For example, in 2014, it merely banned the rugby club from campus bars and required members to attend consent workshops after a range of despicable, drunken, violent behaviour; at the same time as calling the police in to attack peaceful protesters. The fact that the university was later pressured to partially back down and apologise for this incident following an occupation of a conference centre reminds us that Warwick also has a history of resistance on the part of many students and staff to its neoliberal agenda.
Warwick is now, though, utterly unremarkable in a higher education system given over in its entirety to interests utterly uninterested in the advancement of learning or in making a genuine commitment to the fight for equality. It would be a stretch to claim that recent student and alumni protests over the rape chat disciplinary response were mainly motivated by opposition to the neoliberal agenda, but there are clear links between the way the university responded in this case, the way it operates within the UK higher education system in general, and the way that whole system is now headed.

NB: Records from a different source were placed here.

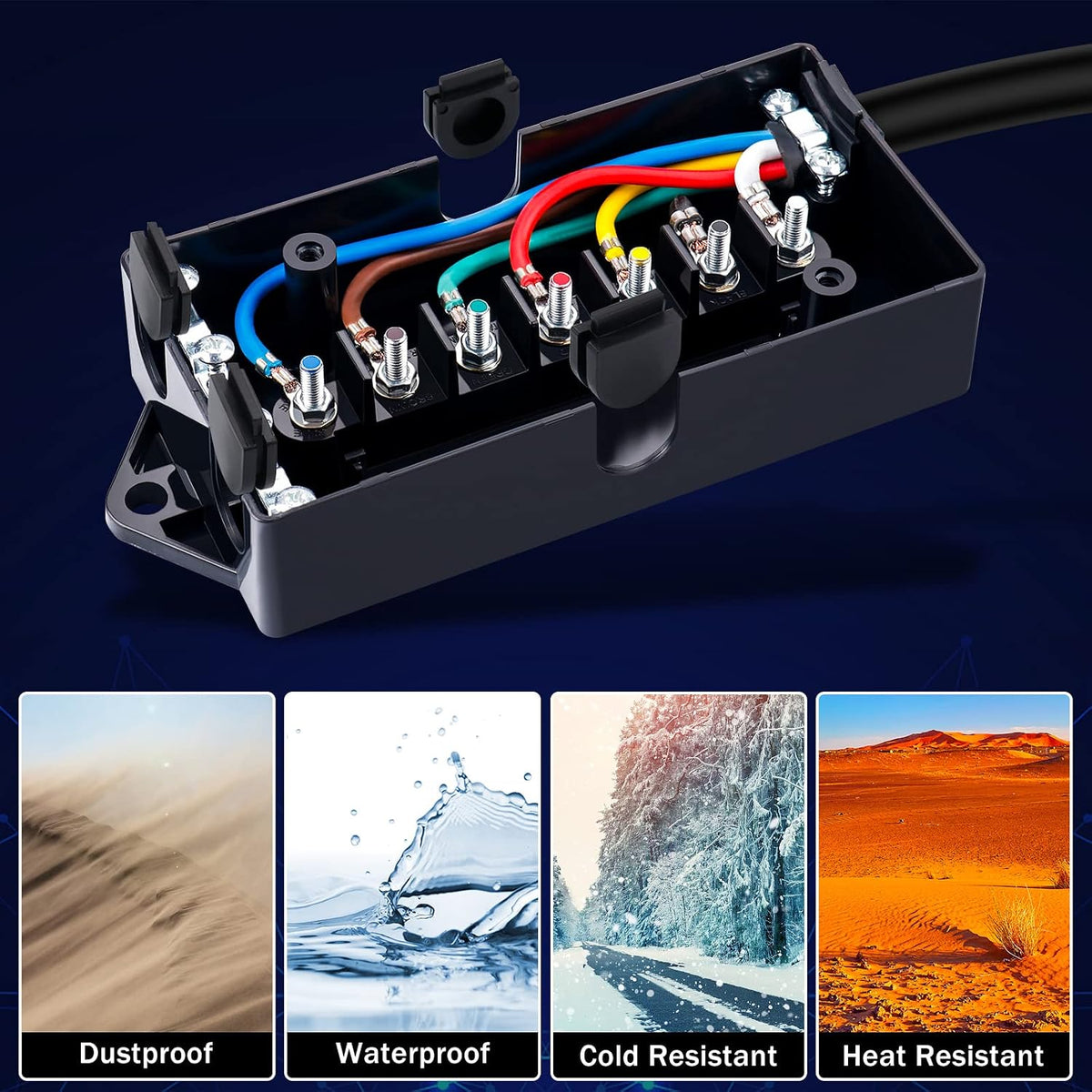 7-Way Trailer Wiring Harness Kit – 8 ft Cord with 7-Gang Junction Box, 12V Breakaway Switch & Plug Holder for Trailers, RVs & Campers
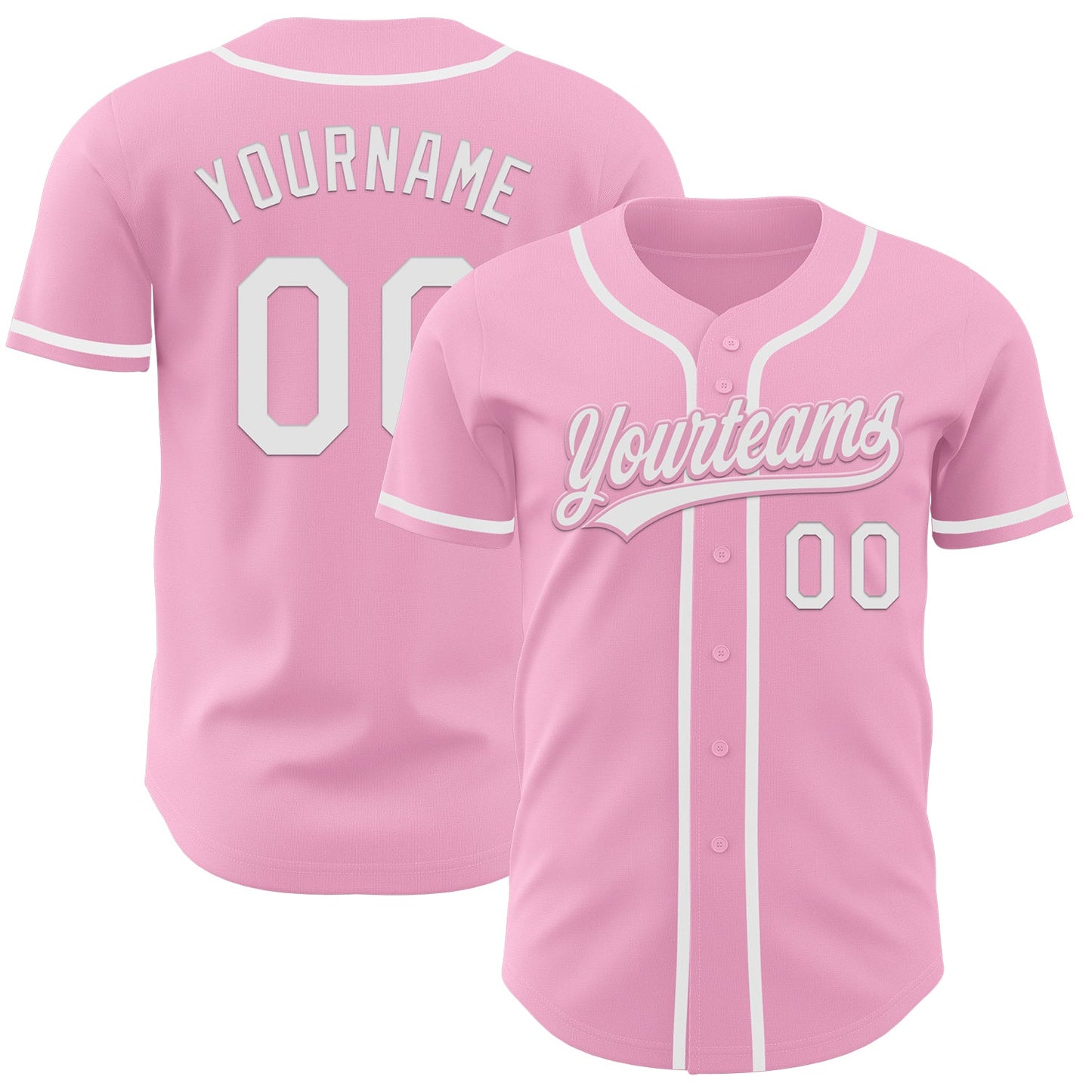 Custom Light Pink White Authentic Baseball Jersey - Sky-Custom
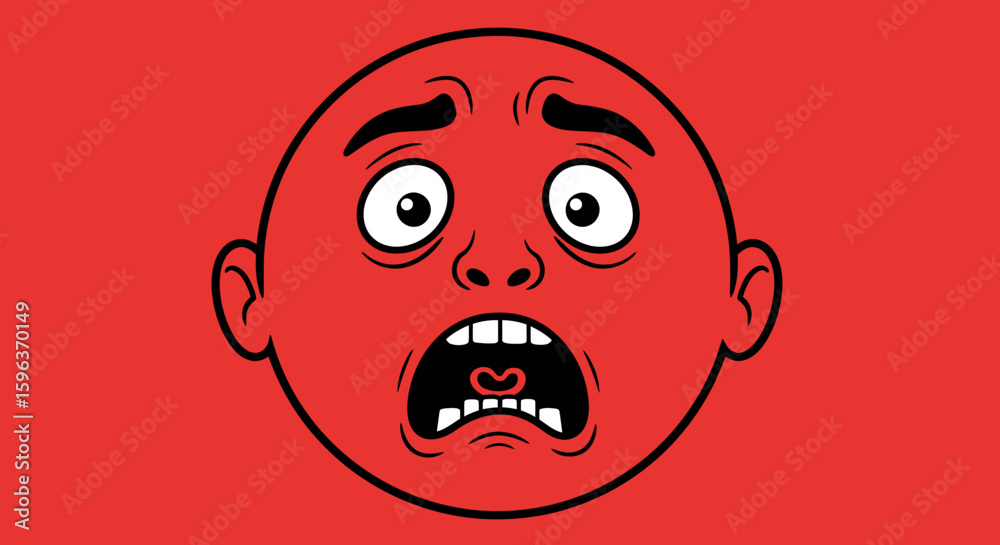 custom made wallpaper toronto digitalCartoon Face Expressing Fear and Shock on Red Background.
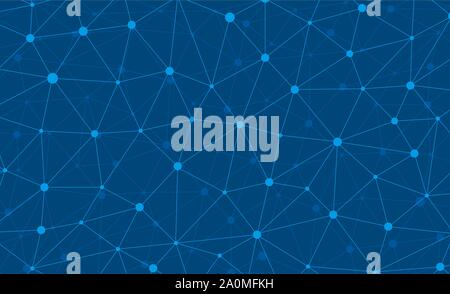 Abstract internet connection and technology graphic web design wallpaper. Geometric digital polygonal plexus with molecule particles structure. Futuristic blue triangle grid. Vector data illustration Stock Vector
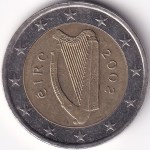 Ireland 2 Euros Bimetallic 2002 Coin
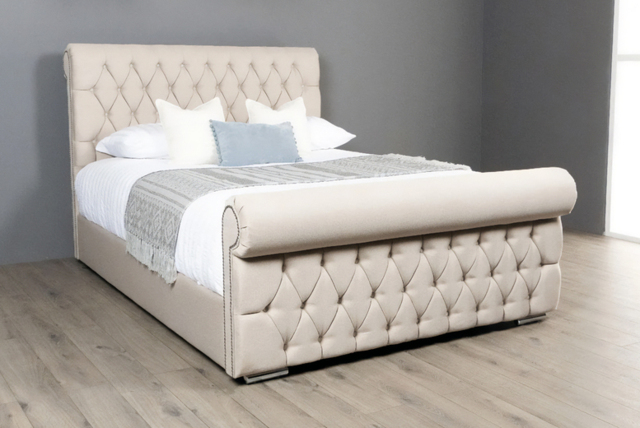 PRICE DROP! Buckingham Cream Sleigh Bed Frame with Storage - Elegant, Sturdy Base - image 1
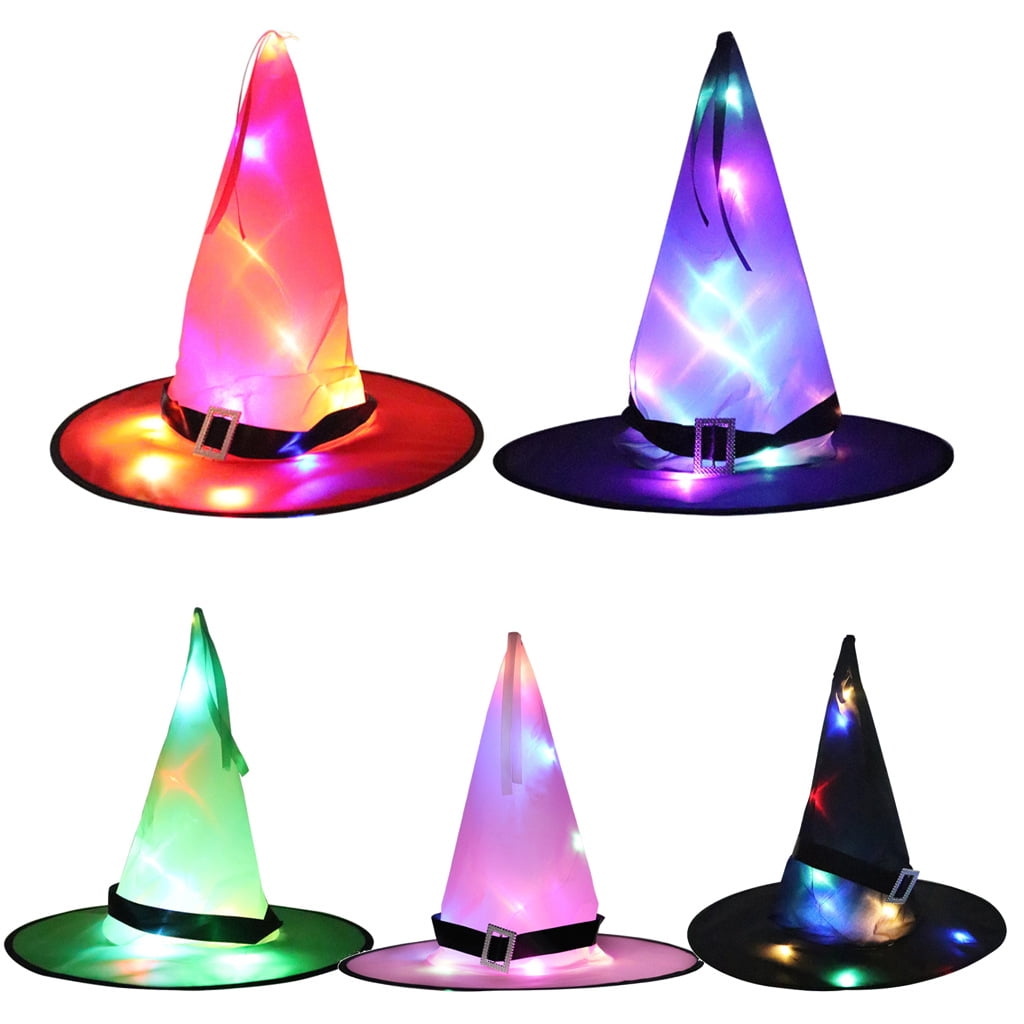 Halloween Decorative Witch Hat With Led Party Mini Lights, Hanging Diy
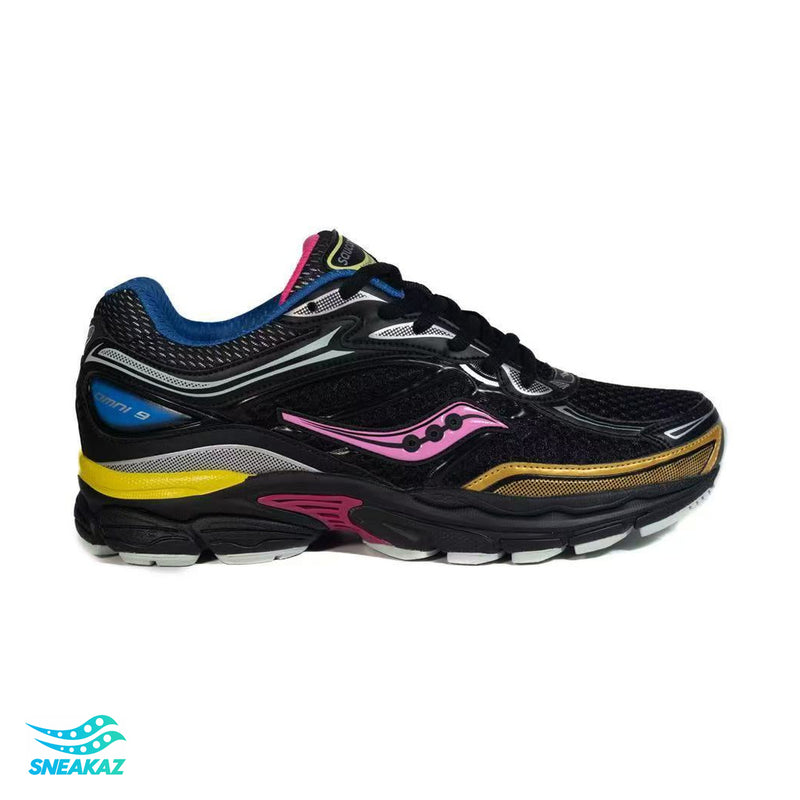 Saucony ProGrid Omni 9 — Noir, bleu, rose et jaune — Sneakaz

We are now way beyond absurdities and immoralities satirised in A Very Peculiar Practice, but resistance is building. Protests have taken place, bringing together diverse groups increasingly angered and concerned by the rise of visible, violent misogyny and the inadequate response of many institutions to it. An active campaign of current and former students has helped push Warwick University into agreeing to a review of disciplinary procedures and support for victims. The courage of the women targeted in speaking out, and the solidarity shown by so many is what has ensured the men involved in the original conversations will not be returning to the university.
Socialists must not tolerate any suggestion that offences of this nature are to be in any way absolved with the catch-all label of ‘banter’ or fail to see that such violent words are on a continuum of behaviour that includes actual sexual assault and physical violence against women. And we need to continue to fight the notion that our higher education system should be a free market, because that doesn’t benefit students, female or otherwise.